[[ MATERIALS PROVIDED open ]]

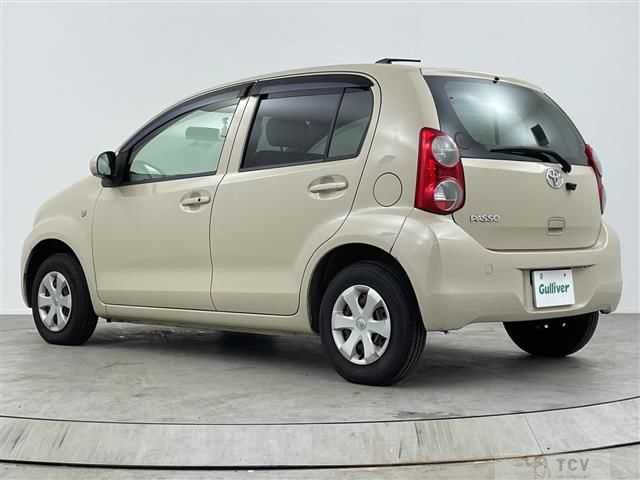 2011 Toyota Passo
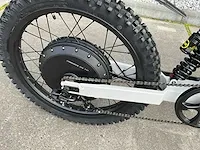 8000w trident stealth bomber elektrische mountainbike - afbeelding 15 van  15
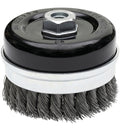 DEWALT CUP WIRE BRUSH TWIST M14 X 65MM#DT350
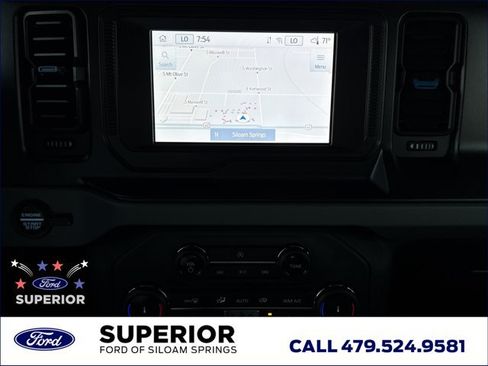 Used 2022 Ford Bronco Black Diamond AWD/4WD image 16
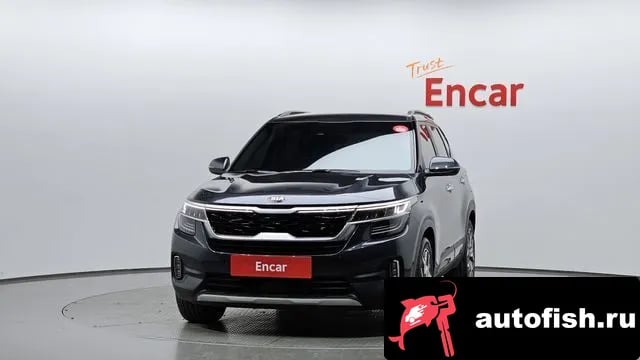 Kia Seltos Celtos 2020 года - вид 3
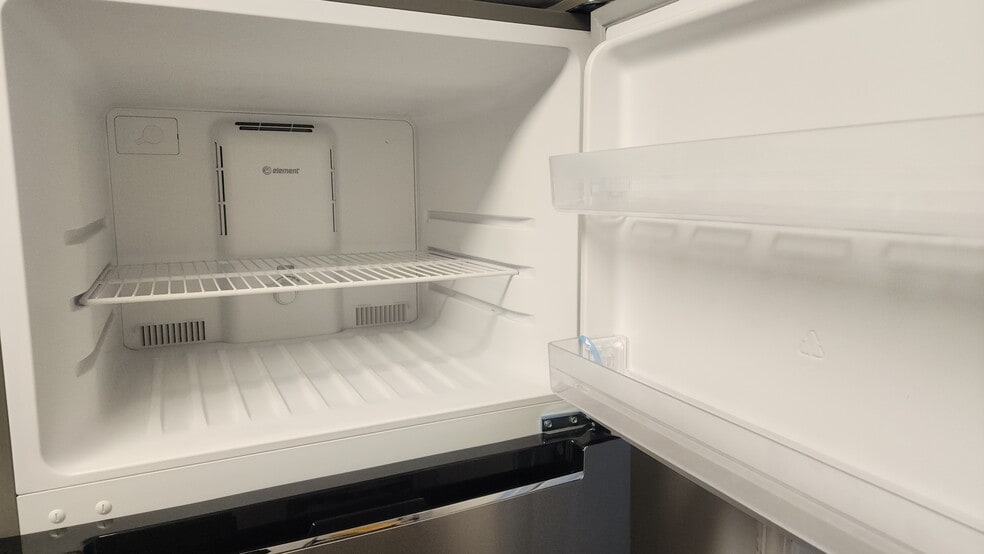 New refrigerator & freezer - 735 Lees Ln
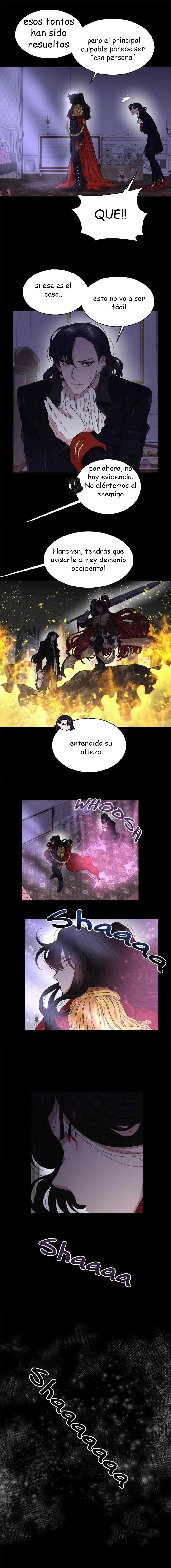 Renaci Como La Hija Del Rey Demonio capítulo 10, página 11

[[ MATERIALS PROVIDED closed ]]

» **YOUR INSTRUCTIONS**
From the line containing "DEWALT CUP WIRE BRUSH TWIST M14 X 65MM#DT350" to the final line of the entries, both included, transcribe every line exactly, omit the pictures, and add nothing more.

» **ANSWER TO THIS EXERCISE**
 DEWALT CUP WIRE BRUSH TWIST M14 X 65MM#DT350
 Used 2022 Ford Bronco Black Diamond AWD/4WD image 16
 Kia Seltos Celtos 2020 года - вид 3
 New refrigerator & freezer - 735 Lees Ln
 Renaci Como La Hija Del Rey Demonio capítulo 10, página 11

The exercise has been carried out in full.